# New Here.



## andrewdod (Mar 24, 2013)

Well, ive decided to try and find a new forum, since the current one im on isnt as active as it once was. My old forum was Trusnow/SierraSnowboards. Joined up because of the points thing, but wound up learning a lot and would like to continue to do so. For those of you that no me, my Name on the forum is/was AJD13. 

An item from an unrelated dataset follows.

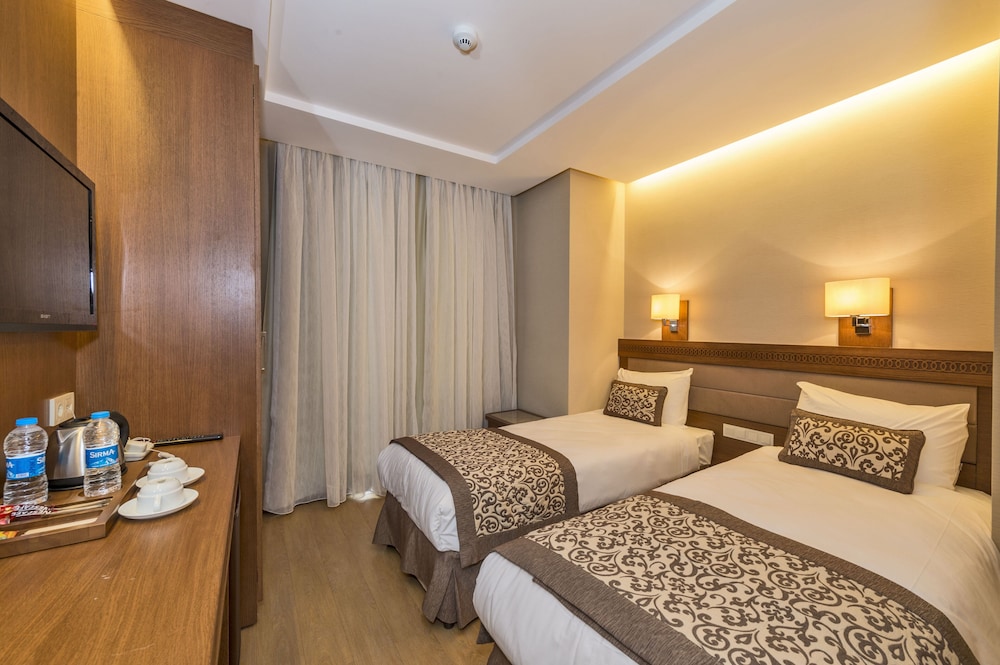 Standard Twin Room, 1 Bedroom photo 3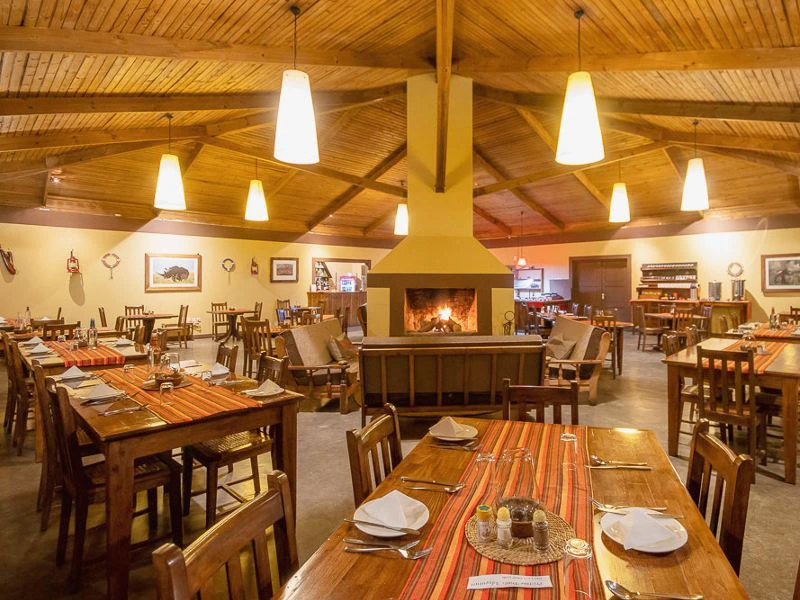Lodge dining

Enough about why i joined and heres some about me. Im 19 i go to school at Plymouth State University in New Hampshire, where i play football as well. My home mountain is Cannon due to the sick deal the school put together for us. but i will go to loon occasionally. Currently riding an alibi sicter from zumiez, but looking into picking up a Never Summer Legacy for next year. Logged 14 days so far this year! Thats the most ive ever done!:yahoo:


----------



## david_z (Dec 14, 2009)

andrewdod said:


> Well, ive decided to try and find a new forum, since the current one im on isnt as active as it once was. My old forum was Trusnow/SierraSnowboards. Joined up because of the points thing, but wound up learning a lot and would like to continue to do so. For those of you that no me, my Name on the forum is/was AJD13.
> 
> Enough about why i joined and heres some about me. Im 19 i go to school at Plymouth State University in New Hampshire, where i play football as well. My home mountain is Cannon due to the sick deal the school put together for us. but i will go to loon occasionally. Currently riding an alibi sicter from zumiez, but looking into picking up a Never Summer Legacy for next year. Logged 14 days so far this year! Thats the most ive ever done!:yahoo:


Welcome!

Most people here are cool. Except for the assholes. 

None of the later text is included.